The Mössbauer spectra of Fe-C850-1 and Fe-C900-1 show that almost all Fe3+ ions were reduced to metallic iron and Fe3C from 800 to 850 °C. The primary iron species in these charcoal samples are γ-Fe and Fe3C, and their contents are compatible with each other. Metallic iron in α-form is only a minor component at ~ 5%. The yields of iron species in Fe-C850-2 are significantly different from those of Fe-C850-1, as shown in Fig. 4; it is found that there are a large increase (32%) in Fe3C and a comparable decrease (35%) in γ-Fe. It seems that a large portion of the γ-Fe component yielded in the one-step procedure might transform to Fe3C (major part) and α-Fe (minor part) in the two-step process as illustrated by a downward arrow (orange) and upward ones (blue and green) in Fig. 4. This finding is tentatively explainable in terms of the thermodynamic property of γ-Fe, which is in a metastable phase, forming only in rapidly cooling from a higher temperature than 727 °C, which is the eutectoid transformation temperature [22]; γ-Fe cannot exist as a thermodynamically stable species below this temperature.

Our possible explanation for the formation of Fe3C, γ-Fe, and α-Fe during the carbonization of iron-impregnated wood is described as follows.

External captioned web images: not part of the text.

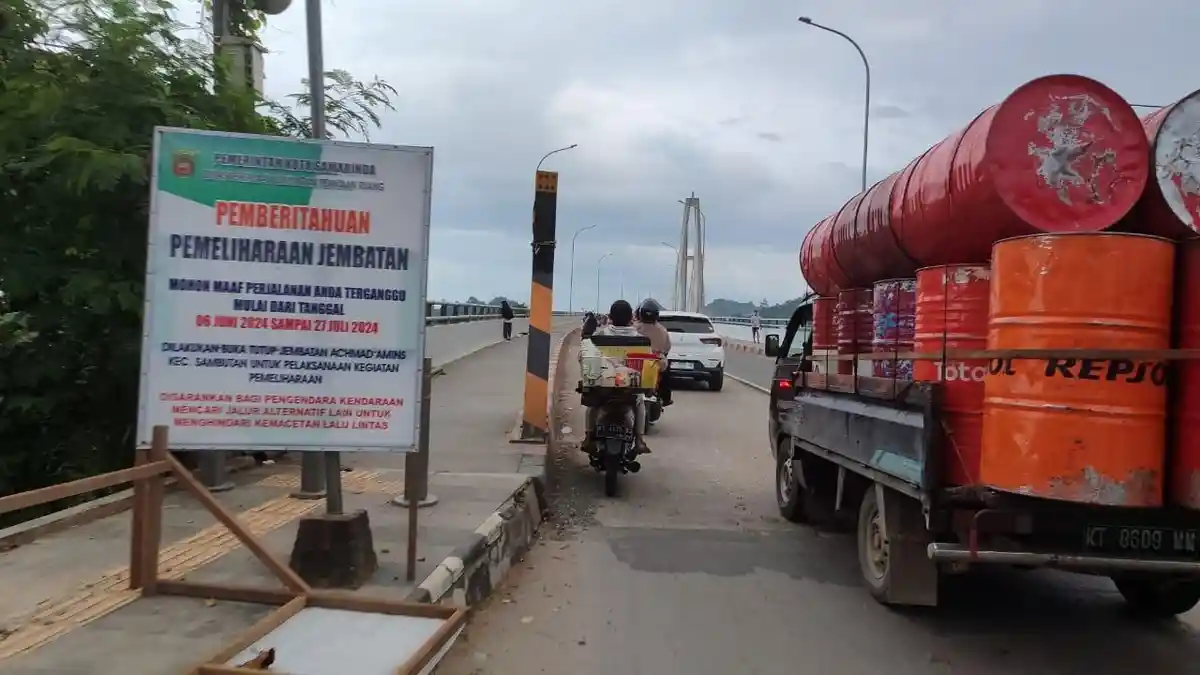 Warga Samarinda Menanti Pengaspalan Jembatan Mahkota II Cepat Selesai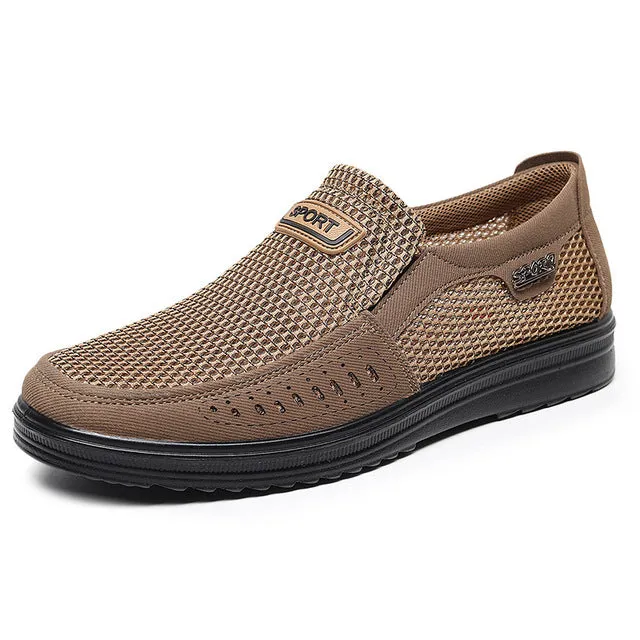 Old Men Shoes - Men Super Light Soft Flats Ultralight Non-slip Shoes Big Size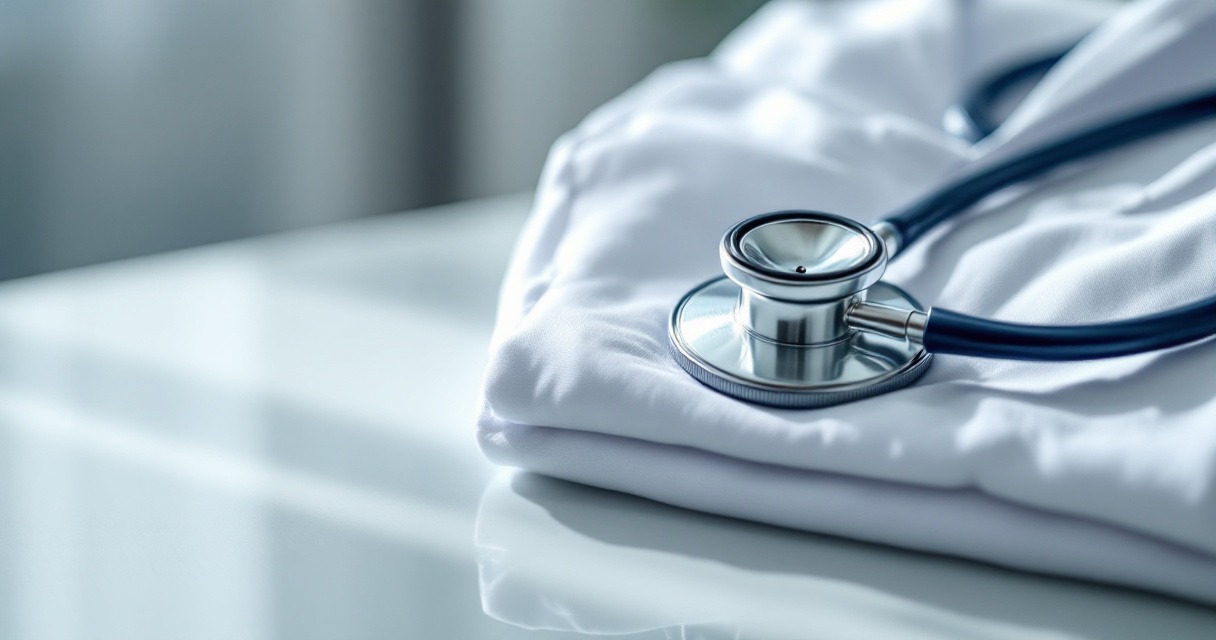 A stethoscope on a white medical coat representing clinical staff credentials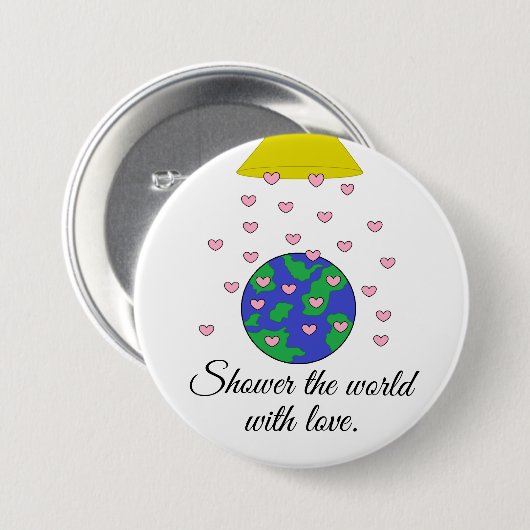 De wereld schetsen ronde button 7,6 cm (Voorkant /achterkant)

First of all, we postulate an iron-species precursor that could be generated around 500 °C and transforms directly to Fe3C from a higher temperature than 500 °C. Thus, the precursor is abundantly produced during the first stage in the two-step procedure and subsequently changes to Fe3C in the second stage. The Fe3C portion might not transform into any other iron species. On the other hand, the iron-impregnated wood yields only a small amount of the precursor during the one-step procedure, because the temperature rising rate of 10 °C/min is too fast to generate sufficiently the precursor while the reaction media was kept for an hour at 500 °C in the two-step procedure. Iron other than the precursor might change to γ-Fe in the temperature range above 727 °C. Most of the metallic iron maintains γ-form in room temperature by quick cooling; however, a small portion of metallic iron would transform from γ-form to α-form. No observation of metallic iron in Fe-C750-1 and Fe-C800-1 may suggest that the reduction to Fe0 does not sufficiently progress. In other words, the metallic iron may be detected by Mössbauer spectroscopy if charcoal is held at 750 °C or 800 °C more than 1.0 h.

Conclusion

The characterization of iron-loaded charcoal using Mössbauer and Raman spectroscopy provided information on the physicochemical changes in iron and carbon during carbonization, as mentioned below.

The yields of the iron species reduced in the iron-loaded charcoal have a positive correlation with the progress of graphitization; moreover, the carbonization conditions (e.g., iron content in wood powder, increasing rate of temperature, retention time at CT, etc.) other than CT should affect the chemical changes of iron and carbon. The two-step carbonization is expected to have an advantage over the one-step carbonization to obtain iron-loaded charcoal applicable to magnetic materials, since the total yield of ferromagnetic iron species, Fe3C and α-Fe, in Fe-C850-2 is approximately 80%.

A key outcome in this study is the suggestion of a chemical reaction path from Fe3+ species to Fe3C not through γ-Fe in the carbonization of iron-impregnated wood. Further Mössbauer studies on the effects of carbonization conditions are required to elucidate the formation mechanism of reduced iron species.